Он отмежевался от социалистов, честно признавшись, что «не познакомился как следует с этим учением», и публично причислил себя к сионистам. После собрания Хаим Раппопорт, один из будущих коммунистических лидеров Франции, подошёл к Жаботинскому и назвал его зоологическим юдофобом. Жаботинский ответил, что он еврей, — ему не поверили. Высказанное им пророчество и предложение укрыться в Палестине «просвещённым евреям» казалось диким.
Бернские колонисты не были одиноки в своей близорукости. Вдохновлённые равноправием евреев в просвещённой Германии, светлые умы австро-немецких евреев — Фрейда, Фейхтвангера, Эйнштейна, Стефана Цвейга — возможность Холокоста не рассматривали даже теоретически…
…Этой речью началась сионистская деятельность Жаботинского. До начала массовых погромов, всколыхнувших Россию, оставалось 5 лет; до принятия в «просвещённой Германии» нюрнбергских расовых законов, приведших к Катастрофе европейского еврейства и подтвердивших первое пророчество Жаботинского, — 37 лет.
Рим
Летом 1898-го публикация в петербургском журнале «Восход» стихотворения «Город мира» стала началом литературно-сионистской деятельности Жаботинского. А осенью для продолжения учёбы он переехал в Рим, где с перерывом на летние каникулы (летом он неизменно возвращался в Одессу) он прожил три года.
Он сменил газету, перешёл в «Одесские новости», самую популярную газету юга России, став её римским корреспондентом, — новая газета надолго стала его голосом, в ней с небольшими перерывами он проработал до Первой мировой войны.
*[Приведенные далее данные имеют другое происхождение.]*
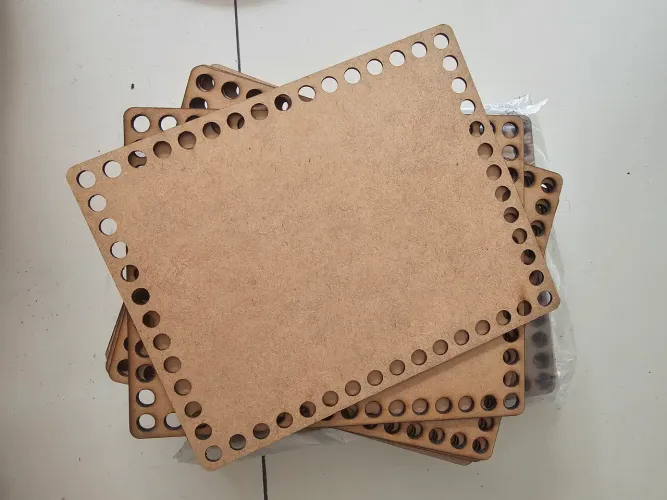 base em MDF para crochê. <br>20x25cm<br>25 unidades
Годы, проведенные в Италии, отточили интеллект Жаботинского. «Если есть у меня духовное отечество, то это Италия, а не Россия, — писал он позднее. — Со дня прибытия в Италию я ассимилировался среди итальянской молодежи и жил её жизнью до самого отъезда. Все свои позиции по вопросам нации, государства и общества я выработал под итальянским влиянием. В Италии научился я любить архитектуру, скульптуру и живопись, а также литургическое пение… В университете моими учителями были Антонио Лабриола и Энрико Ферри, и веру в справедливость социалистического строя, которую они вселили в моё сердце, я сохранил как «нечто само собой разумеющееся», пока она не разрушилась до основания при взгляде на красный эксперимент в России. Легенда о Гарибальди, сочинения Мадзини, поэзия Леопарди и Джусти обогатили и углубили мой практический сионизм и из инстинктивного чувства превратили его в мировоззрение…В большинстве музеев я чувствовал себя как дома».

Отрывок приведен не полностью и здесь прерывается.